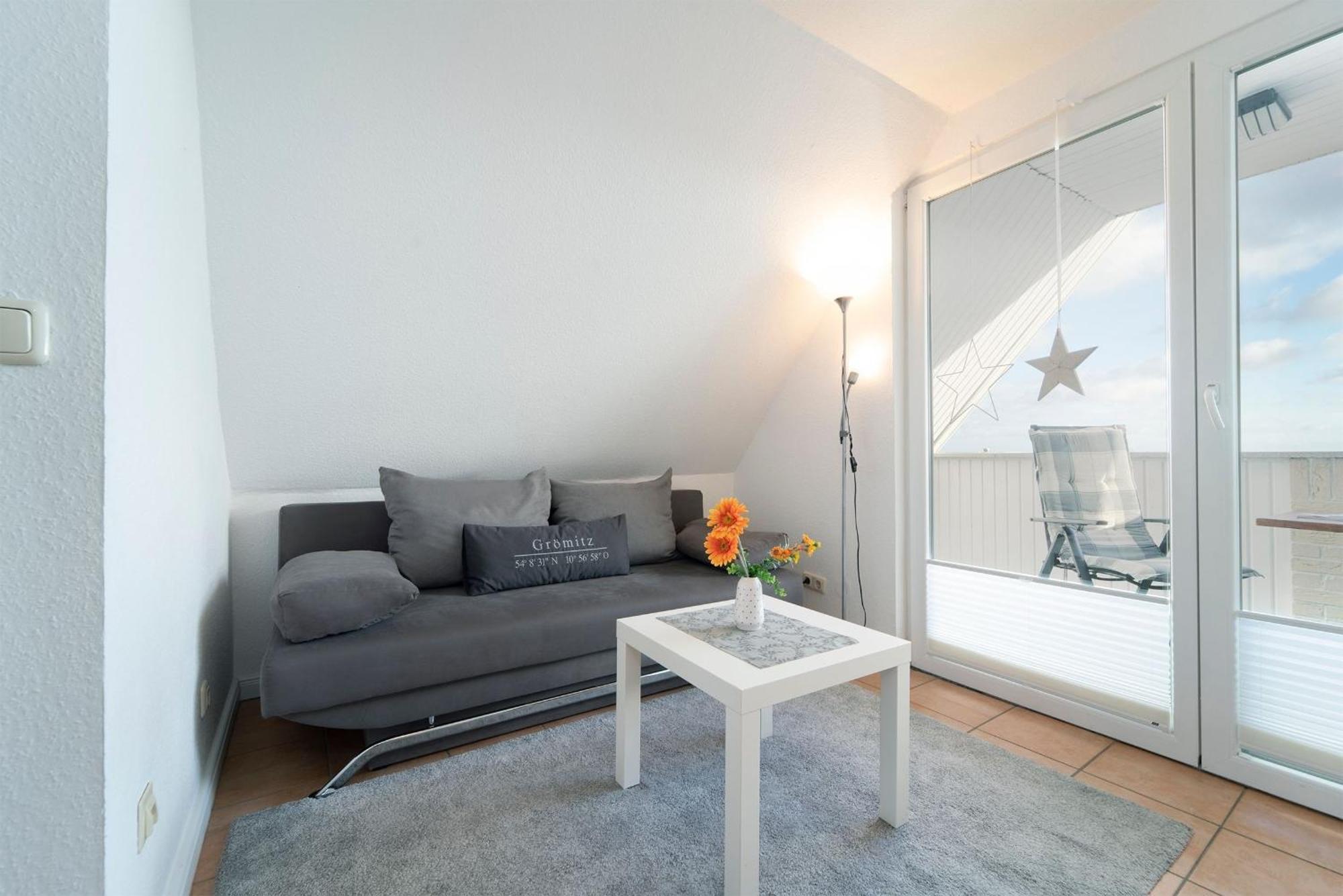 Haus Hasenkamp 26 Koje 3 Appartement Grömitz Buitenkant foto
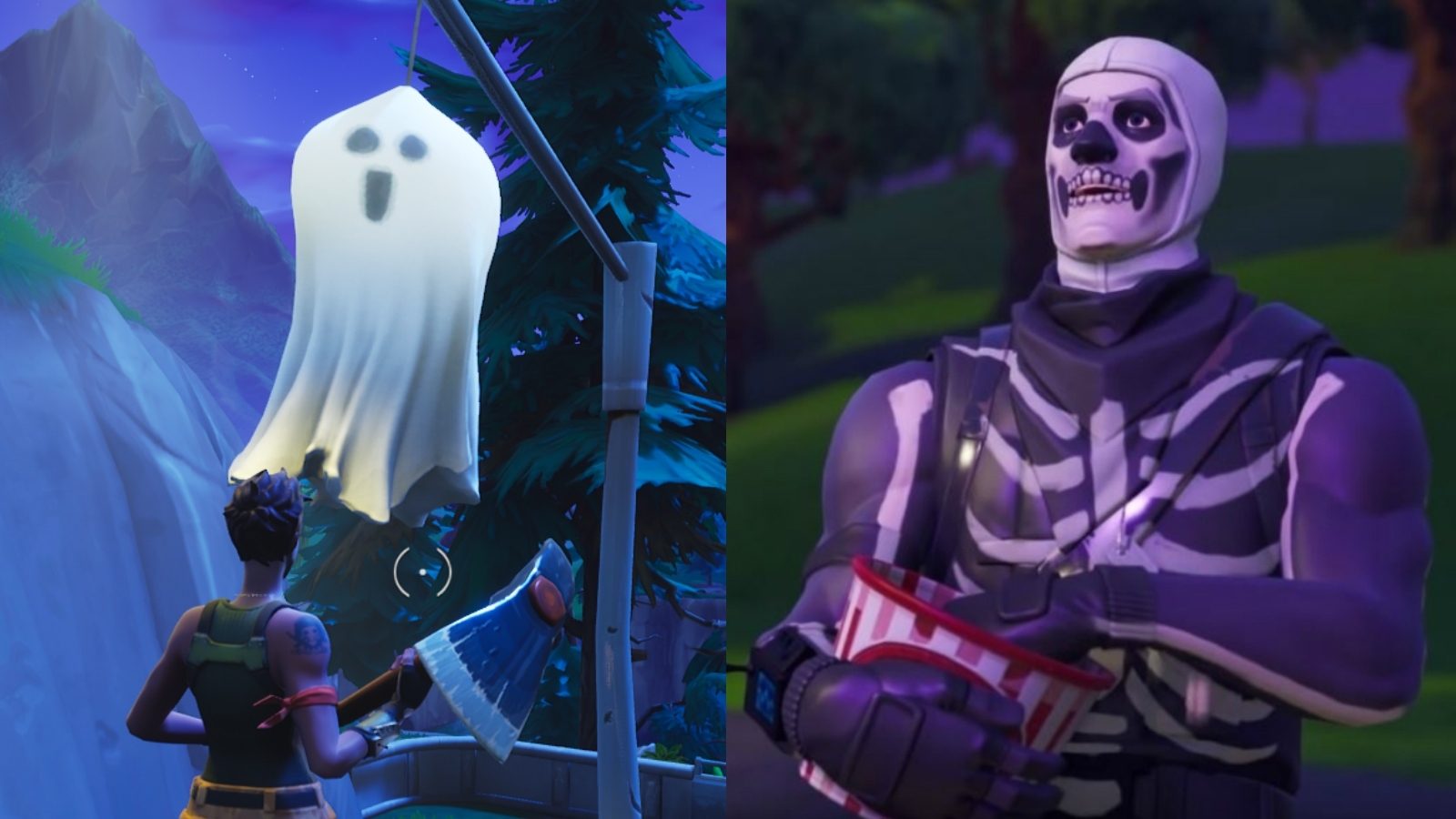 More Fortnite Halloween Props Have Been Revealed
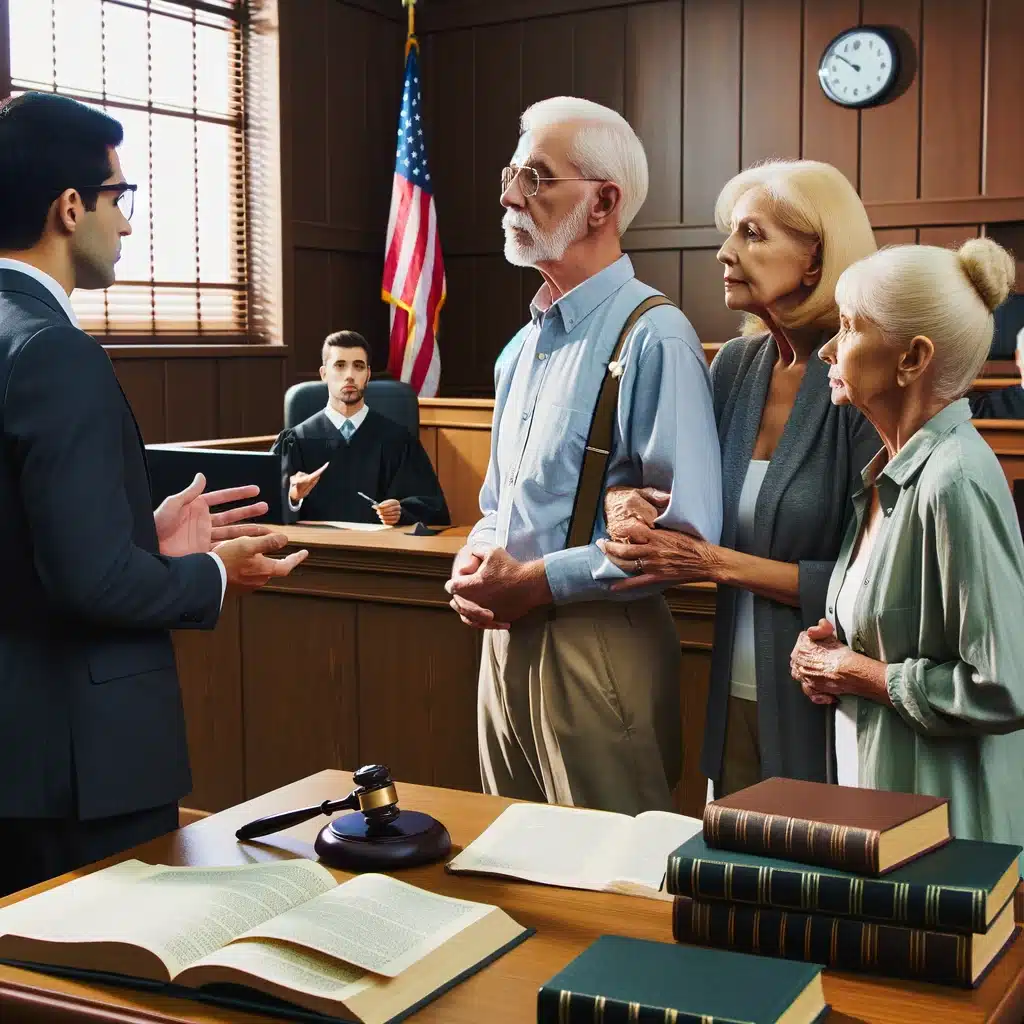 Can Grandparents Get Custody? Exploring the Legal Landscape in Texas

* PROBLEM: Copy out nothing but text: transcribe the listing exactly and skip each picture.

* ANSWER TO THE PROBLEM:
 Haus Hasenkamp 26 Koje 3 Appartement Grömitz Buitenkant foto
 More Fortnite Halloween Props Have Been Revealed
 Can Grandparents Get Custody? Exploring the Legal Landscape in Texas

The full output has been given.